I have a problem with wide stream output. My primary concern is wofstream but wcout doesn't work properly either.
So it doesn't produce output besides Latin characters.
That is
#include <string>
#include <iostream>
#include <fstream>
using namespace std;
int main()
{
wstring wstr = L"Андрей";
wofstream fout(L"C:\\Work\\report.htm");
wcout << wstr << L"Привет мир";
fout << wstr << L"Привет мир";
fout.close();
}
Produces no output, the file stays 0 byte long.
Mixing like wcout<<L"zuhщзг" prints just "zuh", ignores the rest.
I use MVS 2013 with Intel C++ Composer 14.0
EDIT:
Windows Unicode C++ Stream Output Failure describes similar problem. But I don't quite understand how the solution works.
MVS/Windows use UTF-16 for wide strings. and I would like they to be written in the file, as is, that is utf-16, without any unnecessary conversion

wostream fails to output wstring

I am using Visual Studio C++ 2008 (Express). When I run the below code, the wostream (both std::wcout, and std::wfstream) stops outputting at the first non-ASCII character (in this case Chinese) encountered. Plain ASCII characters print fine. However, in the debugger, I can see that the wstrings are in fact properly populated with Chinese characters, and the output << ... is in fact getting executed.

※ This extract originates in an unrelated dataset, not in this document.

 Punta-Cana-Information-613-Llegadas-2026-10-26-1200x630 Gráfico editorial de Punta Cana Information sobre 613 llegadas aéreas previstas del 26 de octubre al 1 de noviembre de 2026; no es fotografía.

The project settings in the Visual Studio solution are set to "Use Unicode Character Set". Why is std::wostream failing to output Unicode characters outside of the ASCII range?

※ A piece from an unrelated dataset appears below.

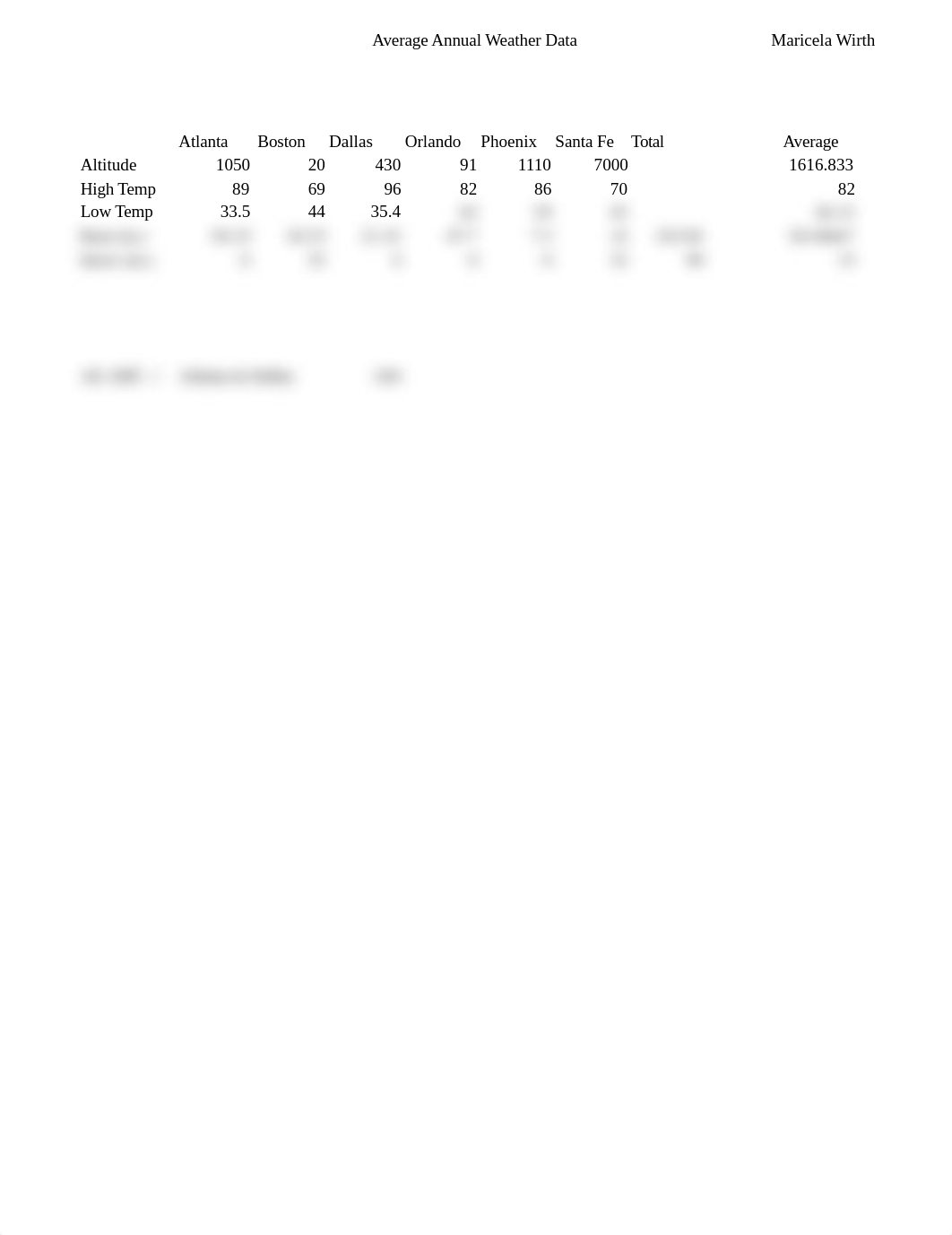 EX 1- Weather Data.xlsx_dk9a7gwopru_page1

void PrintTable(const std::vector<std::vector<std::wstring>> &table, std::wostream& output) {
for (unsigned int i=0; i < table.size(); ++i) {
for (unsigned int j=0; j < table[i].size(); ++j) {
output << table[i][j] << L"\t";
}
//output << std::endl;
}
}
void TestUnicodeSingleTableChinesePronouns() {
FileProcessor p("SingleTableChinesePronouns.docx");
FileProcessor::iterator fileIterator;
std::wofstream myFile("data.bin", std::ios::out | std::ios::binary);
for(fileIterator = p.begin(); fileIterator != p.end(); ++fileIterator) {
PrintTable(*fileIterator, myFile);
PrintTable(*fileIterator, std::wcout);
std::cout<<std::endl<<"---------------------------------------"<<std::endl;
}
myFile.flush();
myFile.close();
}
By default the locale that std::wcout and std::wofstream use for certain operations is the "C" locale, which is not required to support non-ascii characters (or any character outside C++'s basic character set). Change the locale to one that supports the characters you want to use.

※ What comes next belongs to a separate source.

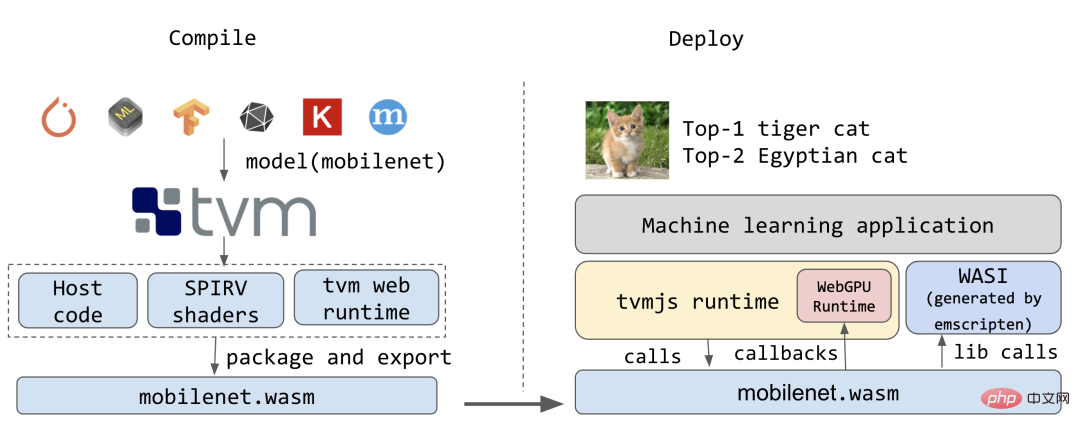 How to convert an algorithm model into an end intelligence model?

The simplest thing to do on Windows is unfortunately to use legacy codepages, however you really should avoid that. Legacy codepages are bad news. Instead you should use Unicode, whether UTF-8, UTF-16, or whatever. Also you'll have to work around Windows' unfortunate console model that makes writing to the console very different from writing to other kinds of output streams. You might need to find or write your own output buffer that specifically handles the console (or maybe file a bug asking Microsoft to fix it).
Here's an example of console output:
#include <Windows.h>
#include <streambuf>
#include <iostream>
class Console_streambuf
: public std::basic_streambuf<wchar_t>
{
HANDLE m_out;
public:
Console_streambuf(HANDLE out) : m_out(out) {}
virtual int_type overflow(int_type c = traits_type::eof())
{
wchar_t wc = c;
DWORD numberOfCharsWritten;
BOOL res = WriteConsoleW(m_out, &wc, 1, &numberOfCharsWritten, NULL);
(void)res;
return 1;
}
};
int main() {
Console_streambuf out(GetStdHandle(STD_OUTPUT_HANDLE));
auto old_buf = std::wcout.rdbuf(&out);
std::wcout << L"привет, 猫咪!\n";
std::wcout.rdbuf(old_buf); // replace old buffer so that destruction can happen correctly. FIXME: use RAII to do this in an exception safe manner.
}
You can do UTF-8 output to a file like this (although I'm not sure VS2008 supports codecvt_utf8_utf16):
#include <codecvt>
#include <fstream>
int main() {
std::wofstream myFile("data.bin", std::ios::out | std::ios::binary);
myFile.imbue(std::locale(myFile.getloc(),new std::codecvt_utf8_utf16<wchar_t>));
myFile << L"привет, 猫咪!";
}
Include the following header file
#include <locale>
at the start of main, add the following line.
std::locale::global(std::locale("chinese"));
This helps to set the proper locale.